El Cárcamo de la Huizachera es a donde llegan todas las descargas de la ciudad después de que cada uno de los casi 4 millones de habitantes de la ZMG le jala la palanca al baño. Ahí llegan los desechos naturales del cuerpo. Pero también llega el papel que echa al excusado. El jabón que tira mientras se enjuaga el cuerpo, el champú, el agua con que lavó los vegetales, los platos, etcétera. Ahí llega todo. Se estanca. Se crea una muralla de desechos. Se deja de ver el agua.

El agua no corre más desde ese punto. Y si lo hace, lo hace de manera lenta. Así, los rayos del sol no llegan al líquido, a las plantas. La fotosíntesis se va desvaneciendo. La materia orgánica por sí misma no alcanza la degradación.

“La cantidad de materia orgánica es mucho mayor a la capacidad de dilución del canal. El problema es que creció la masa urbana, la carga es más grande de la que nutría fluvialmente, o sea, ahorita es mayor concentración orgánica”, explica Graciela González, de la asociación Un salto de Vida.

Olores nauseabundos y al lado de esa contaminación, casas, gente, niños corriendo, perros buscando un hueso.

Bianca, una habitante que pasa por el oxidado puente de metal, lleva casi dos años viviendo en ese lugar del mundo. “En tiempos de calores es cuando hace más… huele a mil aromas… ves ratones de todos los tamaños… zancudos, hay muchísimos… ah y la basura pasa dos veces por semana”, frases de la mujer que describen lo que significa vivir en La Huizachera.

Ladrillos en casas, ladrillos en el suelo, ladrillos creándose.
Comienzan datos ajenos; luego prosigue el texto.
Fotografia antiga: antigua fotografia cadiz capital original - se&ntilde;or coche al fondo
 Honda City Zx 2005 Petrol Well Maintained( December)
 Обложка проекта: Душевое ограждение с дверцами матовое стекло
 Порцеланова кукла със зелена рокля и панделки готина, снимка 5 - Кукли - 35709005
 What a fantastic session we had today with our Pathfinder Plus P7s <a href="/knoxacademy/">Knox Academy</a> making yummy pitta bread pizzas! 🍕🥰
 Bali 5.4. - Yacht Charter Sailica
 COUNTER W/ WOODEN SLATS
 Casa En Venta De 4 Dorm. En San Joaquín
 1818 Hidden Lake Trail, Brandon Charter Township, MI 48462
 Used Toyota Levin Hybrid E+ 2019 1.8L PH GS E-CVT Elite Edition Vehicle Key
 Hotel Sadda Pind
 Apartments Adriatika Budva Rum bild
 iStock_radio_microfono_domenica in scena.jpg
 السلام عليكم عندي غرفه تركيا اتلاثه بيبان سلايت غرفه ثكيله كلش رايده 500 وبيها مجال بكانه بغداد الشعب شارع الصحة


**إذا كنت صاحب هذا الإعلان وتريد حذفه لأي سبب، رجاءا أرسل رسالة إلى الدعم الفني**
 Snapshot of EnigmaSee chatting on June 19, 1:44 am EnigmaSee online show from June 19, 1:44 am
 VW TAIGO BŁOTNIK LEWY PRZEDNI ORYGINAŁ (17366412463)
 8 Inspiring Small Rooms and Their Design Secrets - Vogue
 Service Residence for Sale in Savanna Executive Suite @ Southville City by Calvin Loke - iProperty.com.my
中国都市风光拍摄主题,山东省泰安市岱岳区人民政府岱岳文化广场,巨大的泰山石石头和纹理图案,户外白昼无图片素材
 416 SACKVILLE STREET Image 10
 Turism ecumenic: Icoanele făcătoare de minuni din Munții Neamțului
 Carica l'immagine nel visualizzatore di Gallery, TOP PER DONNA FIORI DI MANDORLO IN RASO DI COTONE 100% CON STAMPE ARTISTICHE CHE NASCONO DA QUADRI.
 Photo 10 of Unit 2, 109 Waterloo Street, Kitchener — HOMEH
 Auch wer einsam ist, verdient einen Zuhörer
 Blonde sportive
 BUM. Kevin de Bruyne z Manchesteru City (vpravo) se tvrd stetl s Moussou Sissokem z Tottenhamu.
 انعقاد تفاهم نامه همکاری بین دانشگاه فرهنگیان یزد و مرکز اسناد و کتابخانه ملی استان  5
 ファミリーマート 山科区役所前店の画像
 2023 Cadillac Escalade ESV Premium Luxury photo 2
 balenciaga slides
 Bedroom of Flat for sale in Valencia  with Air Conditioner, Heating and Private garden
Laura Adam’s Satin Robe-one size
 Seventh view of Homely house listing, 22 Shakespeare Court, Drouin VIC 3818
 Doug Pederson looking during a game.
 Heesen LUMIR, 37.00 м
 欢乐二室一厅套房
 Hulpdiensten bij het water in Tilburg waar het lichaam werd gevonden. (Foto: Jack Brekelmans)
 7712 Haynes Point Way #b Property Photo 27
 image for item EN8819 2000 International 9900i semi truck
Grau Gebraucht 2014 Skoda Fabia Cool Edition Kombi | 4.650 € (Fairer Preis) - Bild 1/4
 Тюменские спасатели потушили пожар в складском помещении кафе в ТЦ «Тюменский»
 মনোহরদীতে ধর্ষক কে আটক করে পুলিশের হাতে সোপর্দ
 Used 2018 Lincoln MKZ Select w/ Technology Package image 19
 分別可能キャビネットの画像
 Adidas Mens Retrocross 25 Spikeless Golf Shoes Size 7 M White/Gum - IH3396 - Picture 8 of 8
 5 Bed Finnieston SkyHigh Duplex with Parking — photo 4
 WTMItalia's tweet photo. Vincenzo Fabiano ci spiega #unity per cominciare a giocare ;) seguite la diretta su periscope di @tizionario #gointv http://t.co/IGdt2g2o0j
Ladrilleras que trabajan con modelos de hace 20 años: quema de madera. A falta de la misma, 20 años después, las llantas, los plásticos, lo que sea que prenda sirve. Y las aguas. Un canal que se abre a un lado, luego otro. Venas del suelo que llevan las aguas negras para la fabricación de ladrillos en lugares donde habitan niños, mujeres, hombres, descalzos todos ellos. Pies curtidos por la tierra y el agua.

Son unas 152 ladrilleras registradas en el municipio de El Salto. Unas 21 cuentan con hornos.

“No hay legislación al respecto ni a nivel estatal ni nada, lo único que se ha hecho en otras administraciones es invitar a los ladrilleros a que formen cooperativas para que busquen modelos alternativos a la quema de ladrillo por las emisiones de la atmósfera”, explica Graciela.

Y el camino sigue. Uno marcha, las aguas apenas se mueven.

Al salir, el olor se impregna en la ropa, en la piel, con la urgente necesidad de un baño, con jabón aromatizado, con champú, con burbujas que irán a parar a La Huizachera, que impedirán que el agua se limpie en su curso natural y que al tornarse negra, se incrustará en la uñas de los que fabrican ladrillos, de los que andan descalzos entre el terreno polvoso, de los que viven en casa lidiando con zancudos y de los que incluso, recogen la basura, aunque sea dos veces por semana en Santa Rosa.